Adı üstünde “OVA” olan her bereketli toprak vahşice yok edildi!

Uzunçiftlik-Uzunbey’de birinci sınıf tarım topraklarına fabrikalar kuruldu.

Arslanbey merası da böyle katledildi!

Kirazlıyalı’nın güzelim sahili, bir özel şirketin “Özel Liman” ihtirasına kurban edildi. Kanser hücresi gibi yayıldı, büyüdü ve hem sahilin  hem de D-100 trafiğinin canına okudu!

Alikahya’nın en verimli tarım alanları yine sanayiye kurban edildi!

“Yapmayın, kıymayın” diyenlere “vatan haini bunlar, ülkenin zenginleşmesine karşı çıkıyorlar!” diye saldırıldı!

Çocuklarınızı işe alacağız” diye kandırdılar toprak emekçilerini!

Şimdi de sıra Kandıra köylerine geldi!

Toprağı ekip biçerek geçimini sağlamaya çalışan köylülerin elinden o verimli toprakları alıp, “Gıda Organize Sanayii” kurmak istiyor siyasal iktidar.

Köylü; “Topraklarımızı alırsanız biz nasıl geçiniriz?” diye feryad ediyor.

Siyasi iktidarın “MİLLET-VEKİLLERİ” asıllarını ikna etmeye çalışıyor; “Kamulaştırma bedellerini artırırız, çocuklarınızı işe alırız, sanat okulu açarız!” diyorlar!

Köylüler; ” Size, Çal mevkiindeki kıraç toprakları verelim, orada yapın. Dokunmayın topraklarımıza” diyor.

Bayramın son günü, Cuma günü Kayıplar Köyü’nde köylüleri dinledim. En yaşlısından en gencine kadar herkes ” topraklarımızı satmayacağız” diyor.

Çok hisseli kimi toprak sahipleri, ellerine geçecek paranın hayali ile bir miktar satış yapmışlar.

Köylü; “Herkese ayrı fiyat teklif ediyorlar.Toprakları ucuz yollu satın alacaklar sonra sanayicilere yüksek fiyatla satacaklar, bizim sırtımızdan birileri köşe dönecek, birileri de OSB yönetimlerinden tatlı maaşlar alacaklar!Ama bizim sonumuz ne olacak?” diyor.

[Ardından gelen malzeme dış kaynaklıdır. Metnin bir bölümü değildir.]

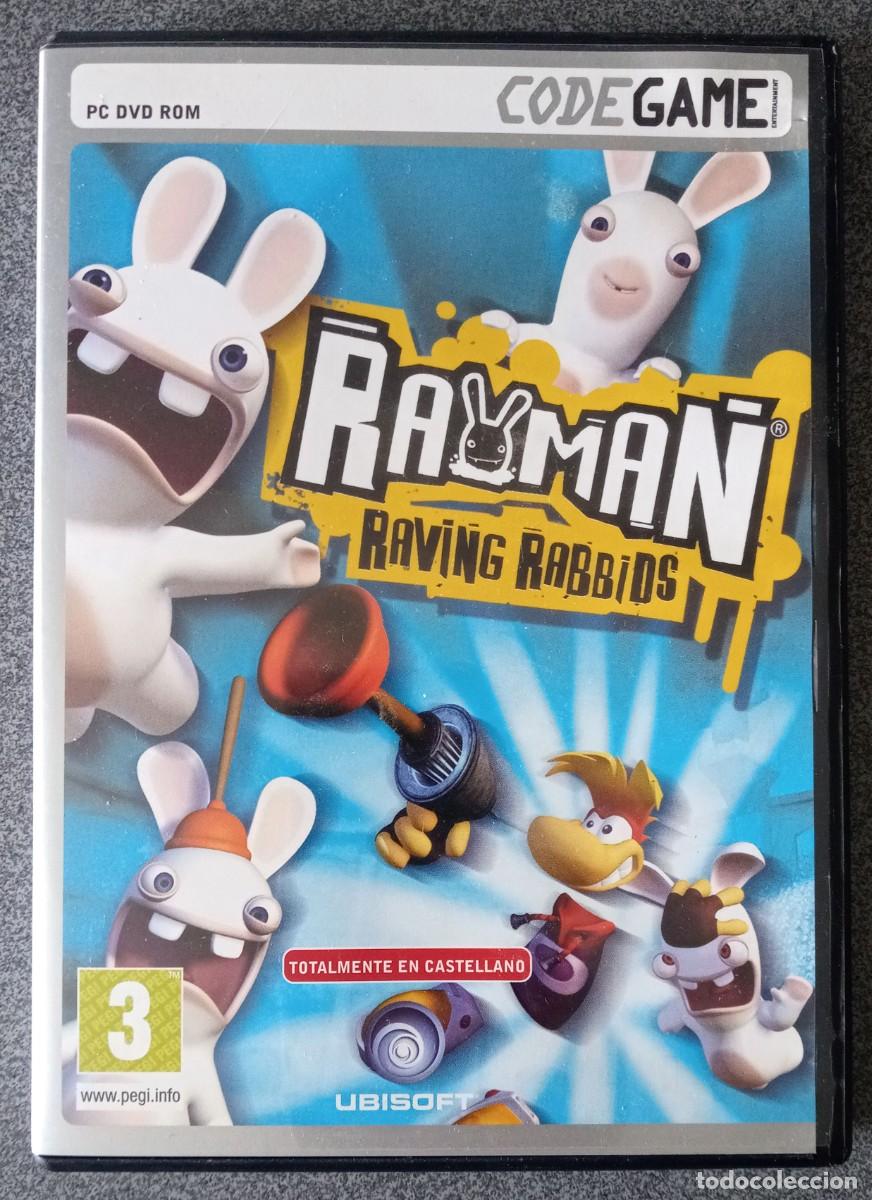 Videojuegos y consolas: Juego Pc Rayman Raving Rbbids - Foto 1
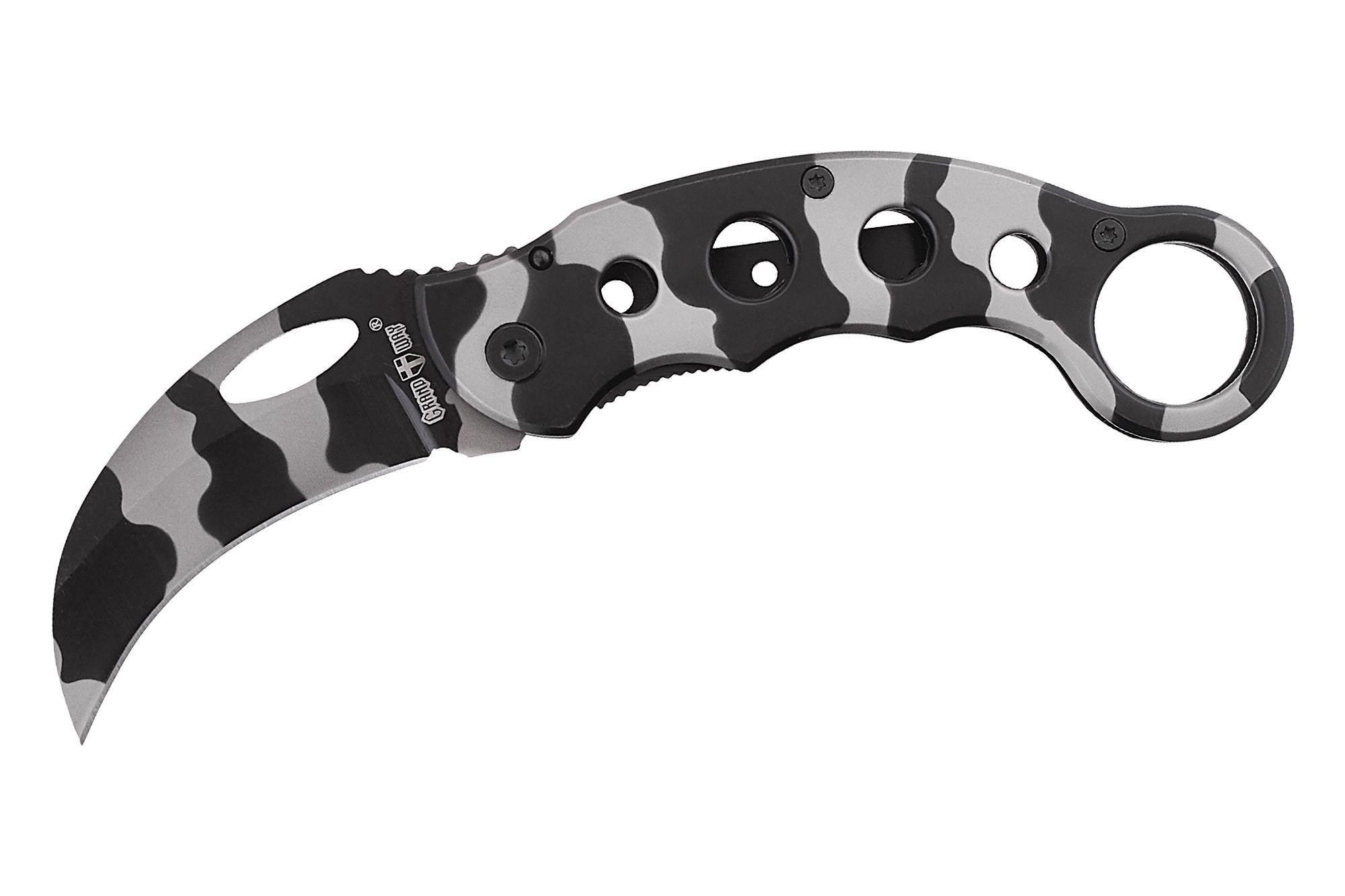 Нож-керамбит Grand Way 6206 B М складной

İzmit’te bir sanayi kuruluşunda çalışan ve emekliliğine iki sene kalan bir vatandaşla konuşuyorum;  “Emekli olunca şehirde yaşayamam. Köyüme gelip tarlamı işlemek, meyve yetiştirmek ya da seracılık yapmak istiyordum. Şimdi, tüm umudum bitti. Bu adamlar hak hukuk tanımaz, alırlar toprağımızı” diyor!..

Sözüm ona, “halkla birlikte yönetmek” vaadiyle “KENT KONSEYLERİ” kuruldu!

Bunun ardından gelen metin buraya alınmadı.